▶ Task directions
Transcribe exactly the lines from the first line of the records through the line containing "SANDISK 256GB Ultra", and leave out every picture.

(Beginning of Source material)

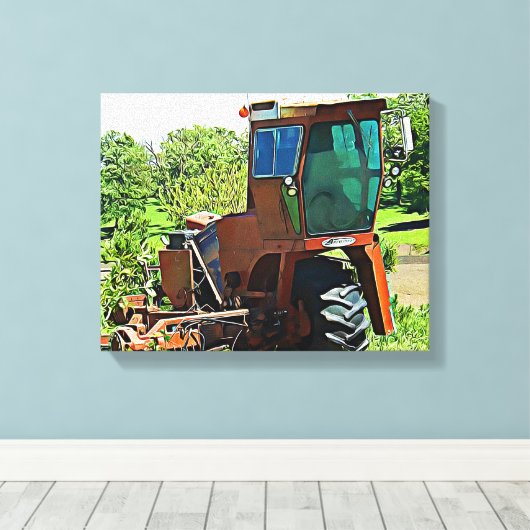 Toile Art numérique Moyen-Ouest Tractor Canvas (Insitu (Plancher de Bois))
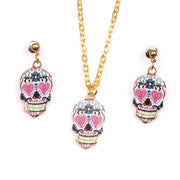 Fashion Oil Dripping Skull Necklace Suit – Jewelry Gift Ideas — 5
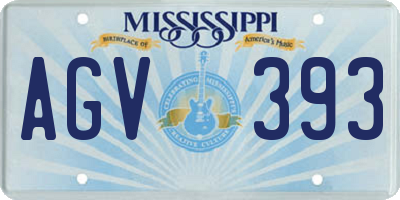 MS license plate AGV393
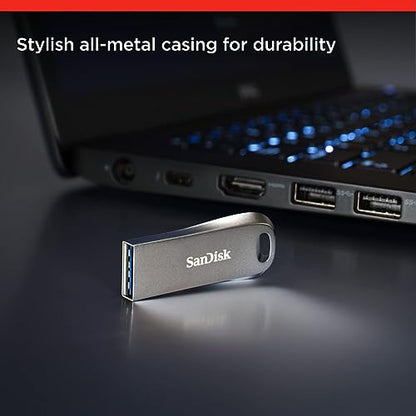 SANDISK 256GB Ultra Luxe USB 3.2 Gen 1 Flash Drive - SDCZ74-256G-GAM46 - size: 256GB, style: Up to 400 MB/s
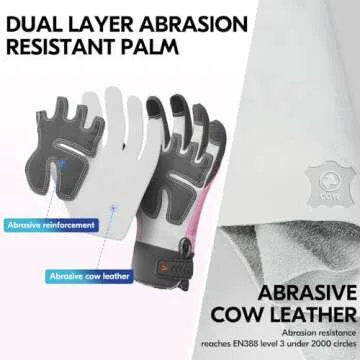 Vgo Chainsaw Gloves for Women | 12-Layer Protection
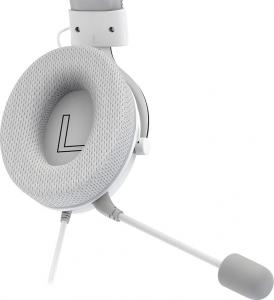 SPC Gear Nauszniki Memory Foam Onyx White Breathable Fabric białe 5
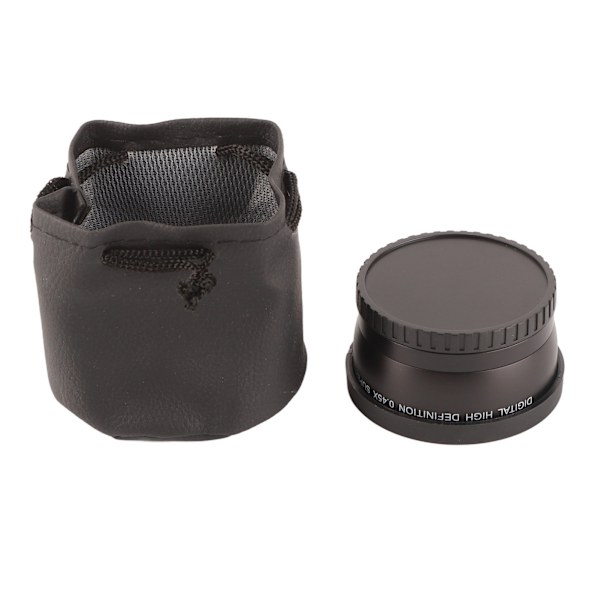 JSR‑1151 Avanceret 58MM 0.45X Vidvinkel Makroobjektiv Passer til Alle 58MM Diameter Kameraobjektiver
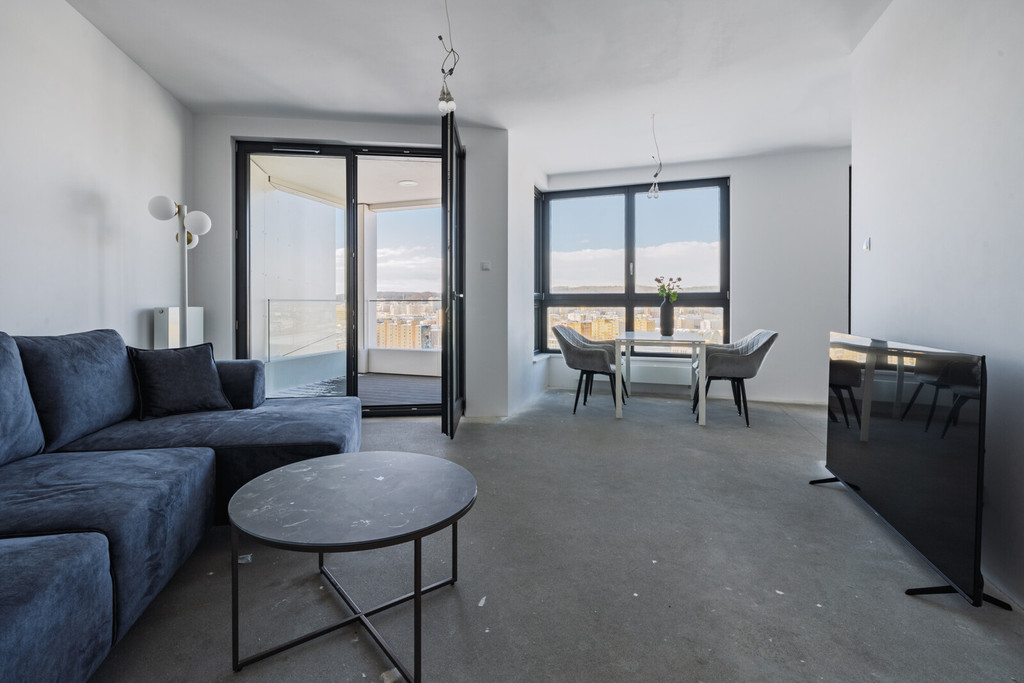 Portova | widok na panoramę Gdyni | 15 piętro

(End of Source material)

▶ Answer box
 Toile Art numérique Moyen-Ouest Tractor Canvas (Insitu (Plancher de Bois))
 Fashion Oil Dripping Skull Necklace Suit – Jewelry Gift Ideas — 5
 MS license plate AGV393
 SANDISK 256GB Ultra Luxe USB 3.2 Gen 1 Flash Drive - SDCZ74-256G-GAM46 - size: 256GB, style: Up to 400 MB/s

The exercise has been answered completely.